**AIM OF THE TASK**
Write out the data below exactly as given, without any of its pictures.

**STORED DATA**
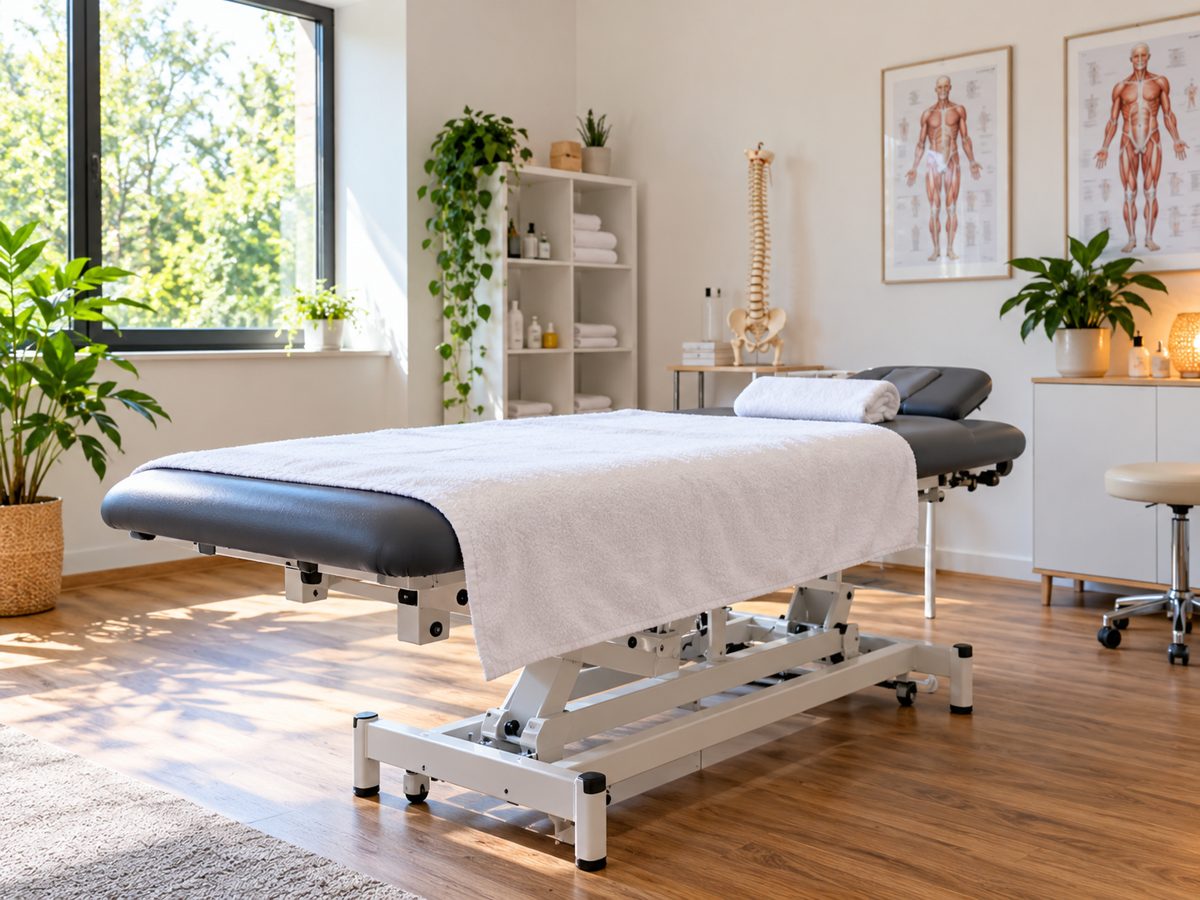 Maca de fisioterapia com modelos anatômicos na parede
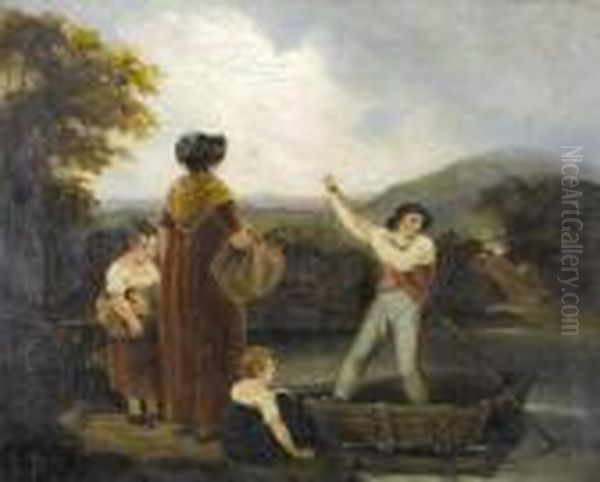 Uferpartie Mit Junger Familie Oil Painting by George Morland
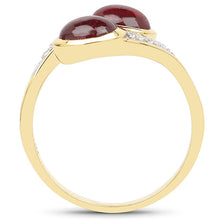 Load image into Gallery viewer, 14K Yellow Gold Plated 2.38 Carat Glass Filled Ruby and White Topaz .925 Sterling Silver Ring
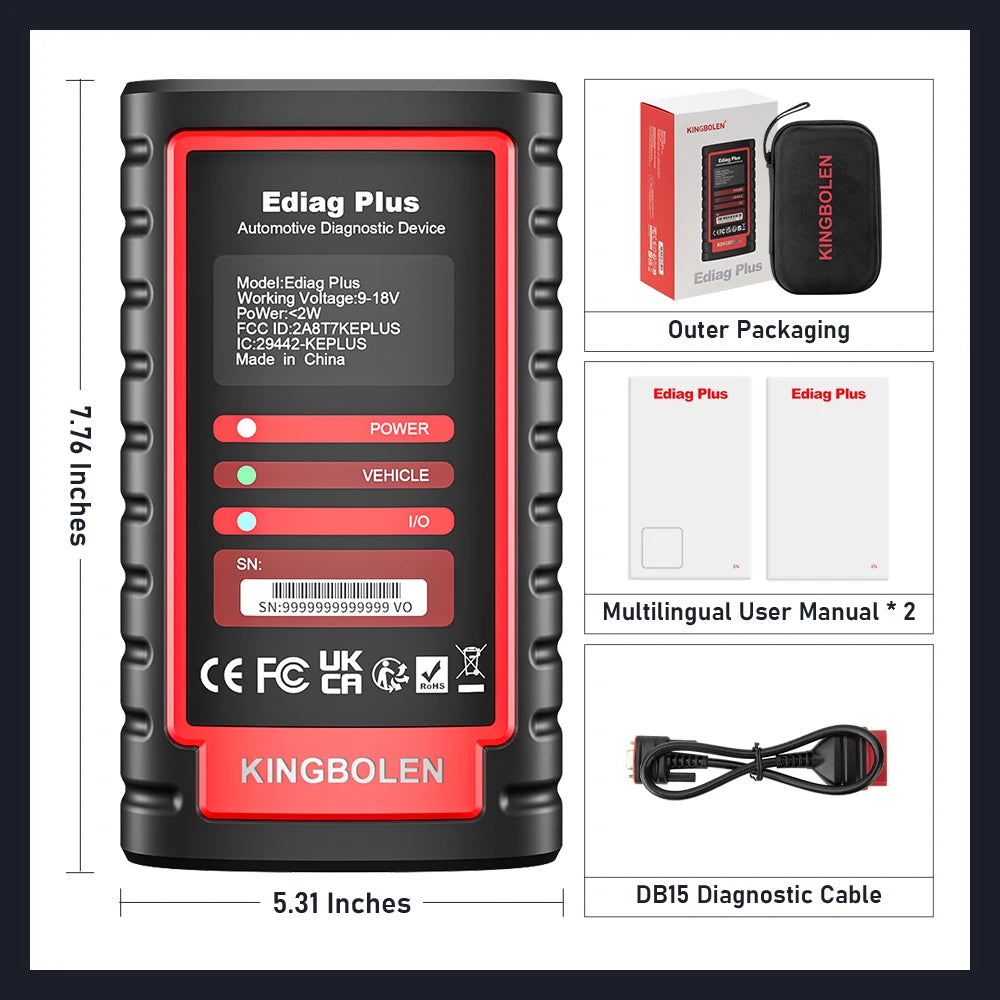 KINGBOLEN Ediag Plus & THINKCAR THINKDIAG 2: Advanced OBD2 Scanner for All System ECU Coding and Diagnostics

**SOLUTION TO THIS EXERCISE**
 Maca de fisioterapia com modelos anatômicos na parede
 Uferpartie Mit Junger Familie Oil Painting by George Morland
 Load image into Gallery viewer, 14K Yellow Gold Plated 2.38 Carat Glass Filled Ruby and White Topaz .925 Sterling Silver Ring
 KINGBOLEN Ediag Plus & THINKCAR THINKDIAG 2: Advanced OBD2 Scanner for All System ECU Coding and Diagnostics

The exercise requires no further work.